Pero es que había más en su opinión. La inesperada actitud del mastodóntico ejército de la URSS en las horas decisivas del golpe siguió a algo que pocos analistas habían relacionado con los hechos de ahora, “tal vez porque la cosa no encaja con las interpretaciones de tuertos amigos de los esquemas”: había sido la URSS, “el “terrible adversario” de los 80, el maniqueo aducido constantemente para justificar la permanencia de España en la OTAN”, el país que más había hecho en aquellos años en favor de la paz mundial (También Rafael Poch de Feliu ha llamado la atención sobre este punto):

Sin las propuestas de Gorbachov desde 1987 hoy el mundo sería otro.
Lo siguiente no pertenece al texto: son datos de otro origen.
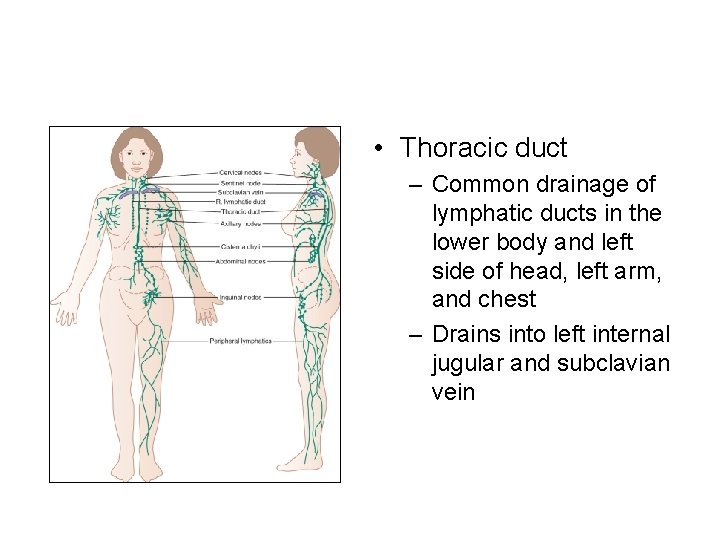  • Thoracic duct – Common drainage of lymphatic ducts in the lower body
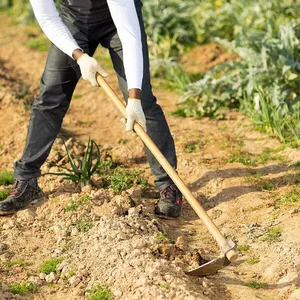 Wholesale Cultivation Hoe for Africa Agricultural Distributors Designed for Distributors Serving Smallholder Farming Projects Contai thumbnail-3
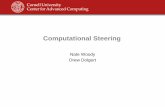 Computational Steering - Cornell University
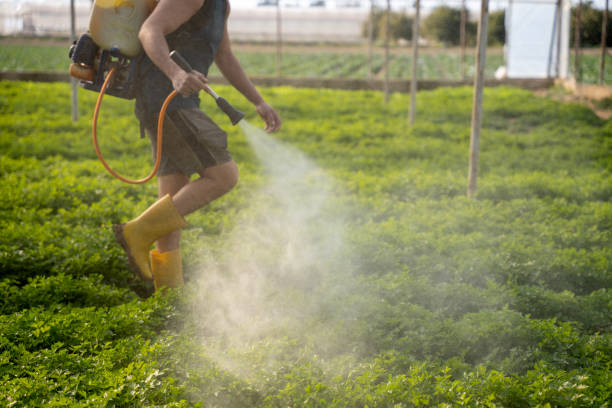 Best Ant Control Services  in Whitney, SC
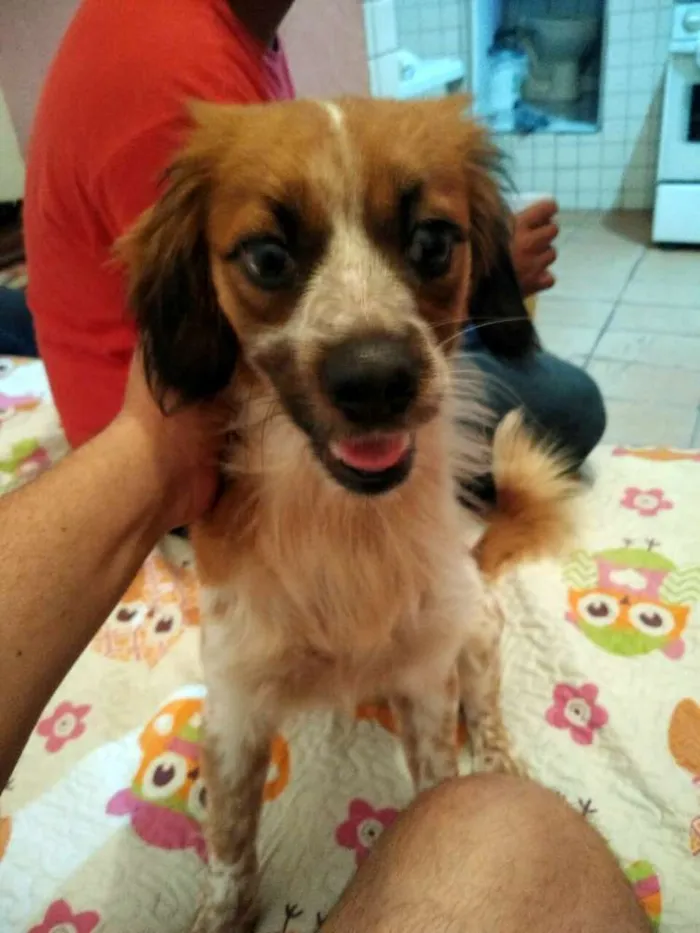 Cachorro ra a  idade 7 a 11 meses nome Melany 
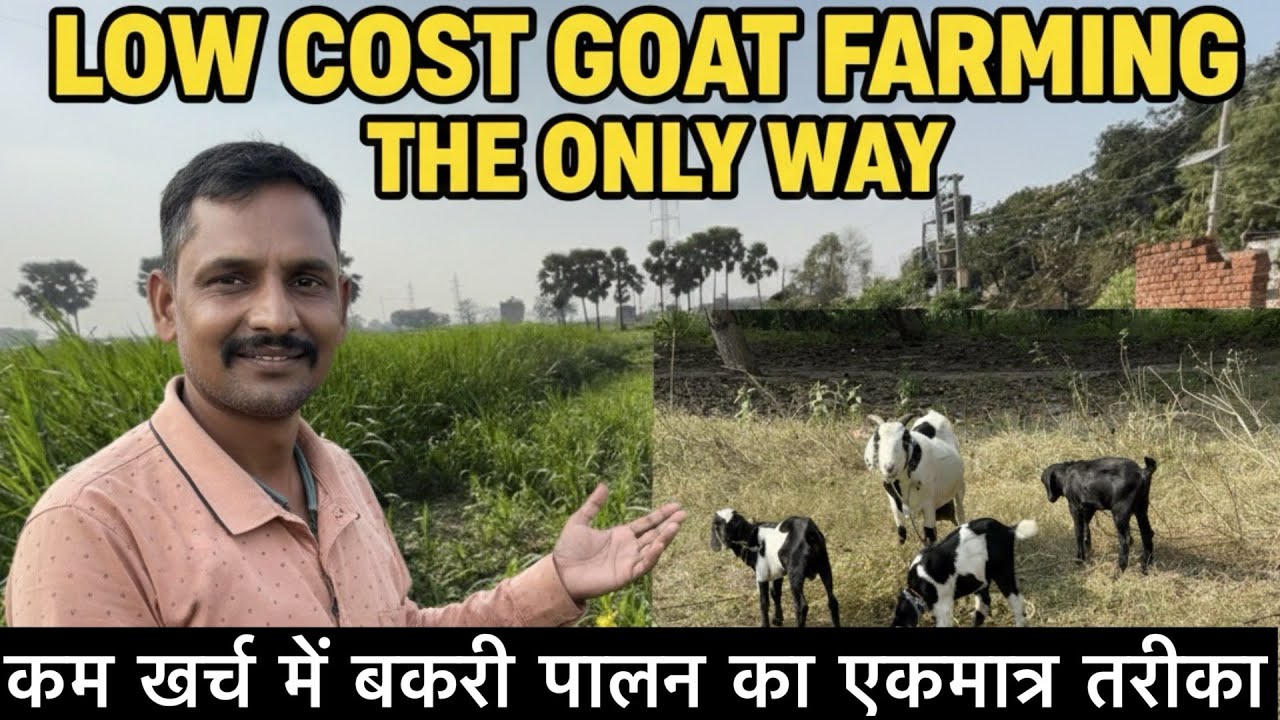 बकरी पालन बहुत ही आसान पर इस तरह करें || Low Cost Farming Tips 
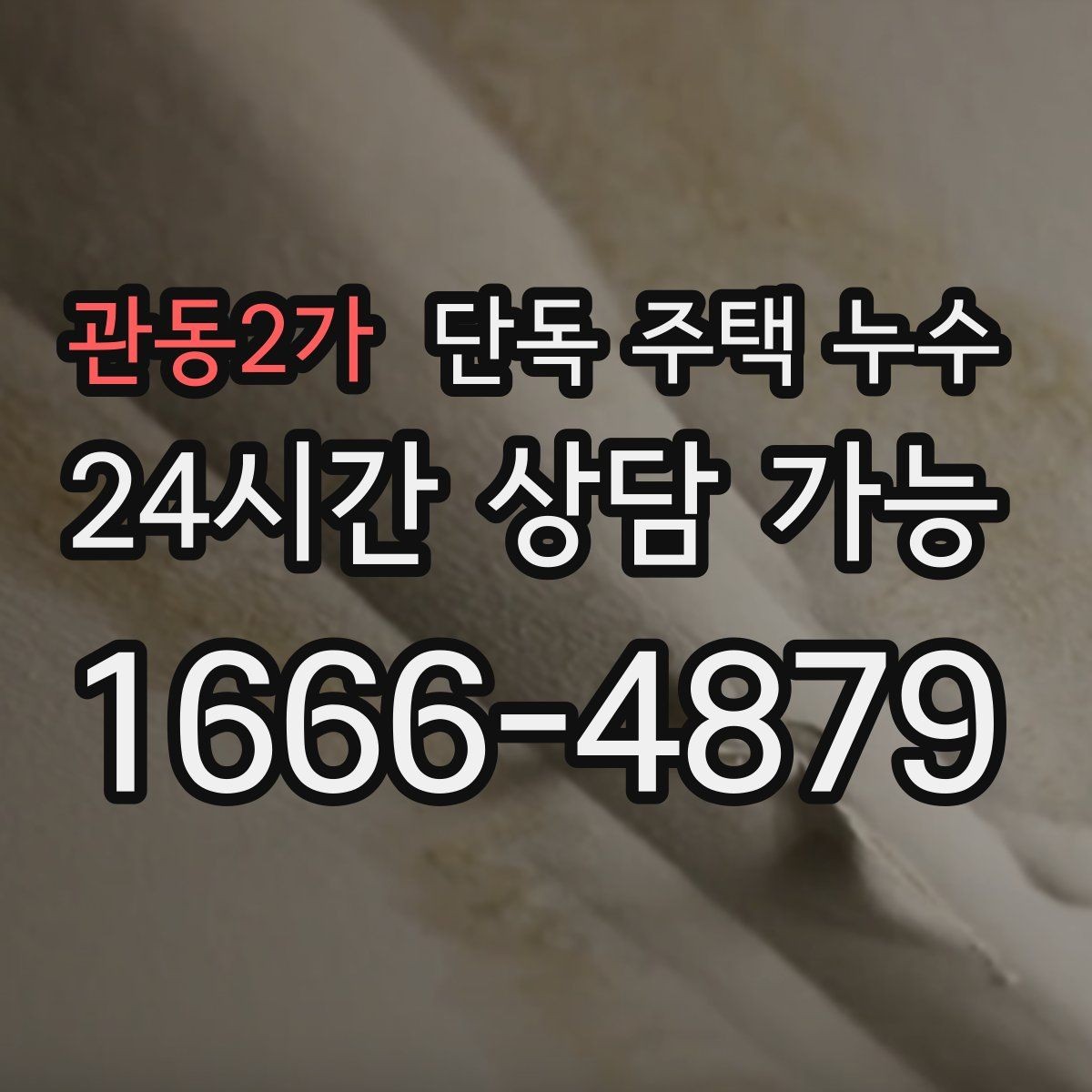 관동2가 단독 주택 누수 세탁실 배수 주변이 축축할 때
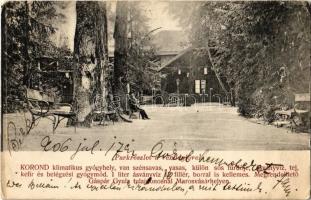 1906 Korond, Corund; parkrészlet a vendéglővel / park and restaurant (EK)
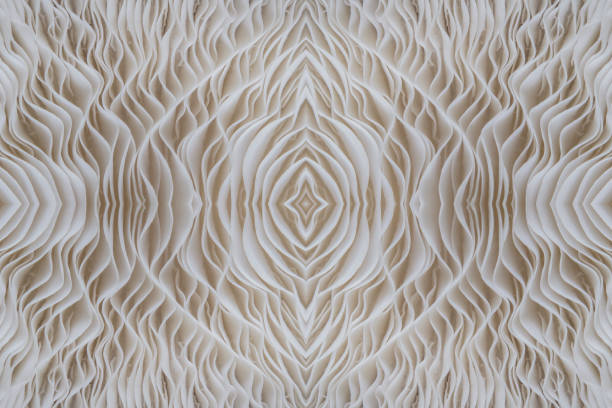 abstract nature background macro of Sajor-caju Mushroom plants. Using idea design texture pattern concept natural or wallpaper.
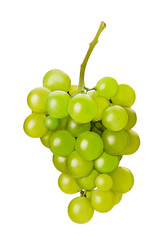 Ripe bunch green grape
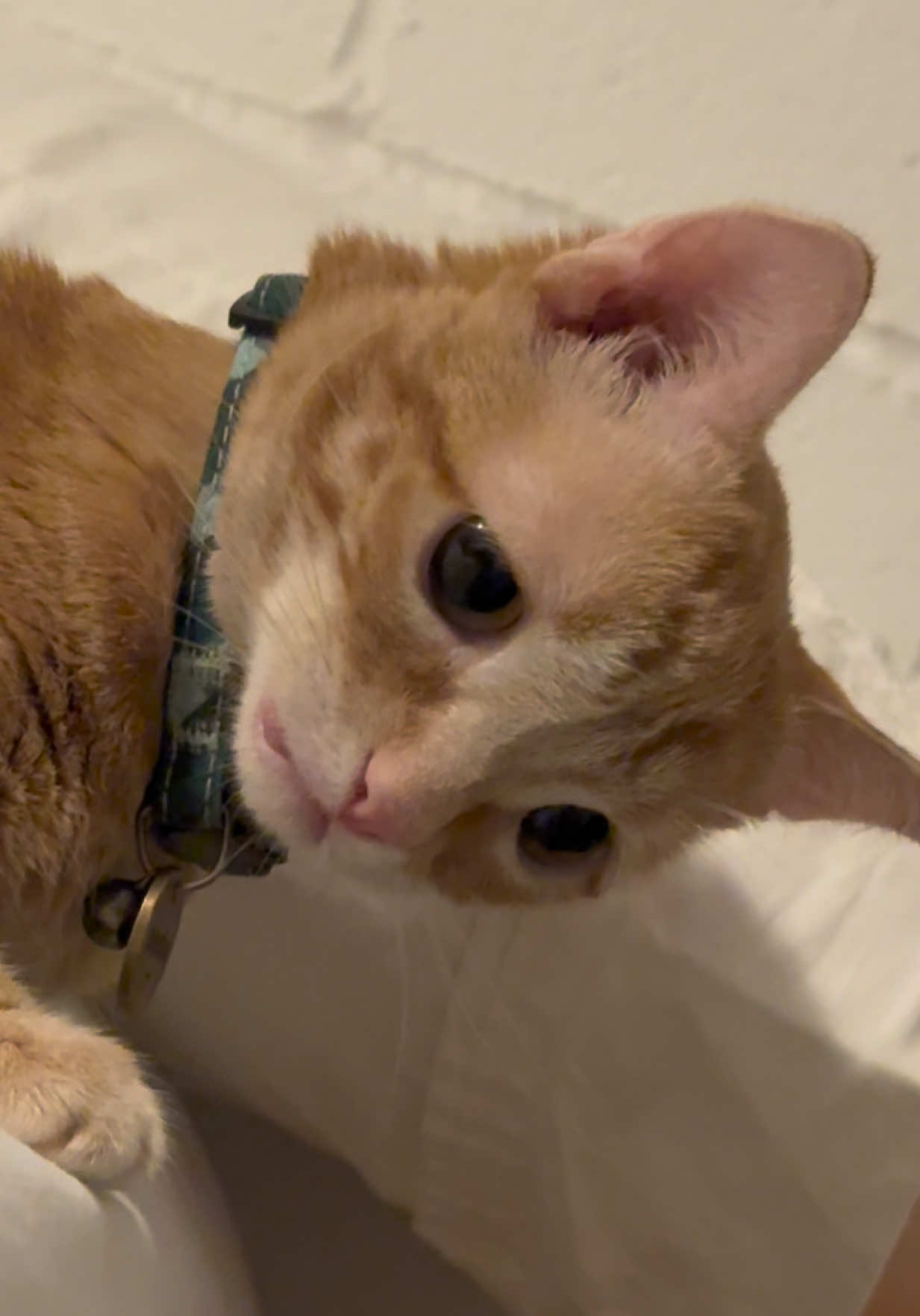 why is he so sad😭 #cutecat 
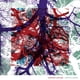 thumbnail image 1 of Álbum Widow's Weeds de Warner Music International, 1 of 1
Y a pesar de las propuestas pacíficas de Gorbachov desde 1987 hemos visto y sufrido la guerra provocada por Sadam Hussein pero querida, impulsada, interesadamente librada por el Imperio que siempre acusó a la URSS de militarismo expansionista, irritantemente justificada por intelectuales orgánicos de la OTAN que hoy defienden que ser pacifista es estar a favor de la guerra, de nuestra guerra.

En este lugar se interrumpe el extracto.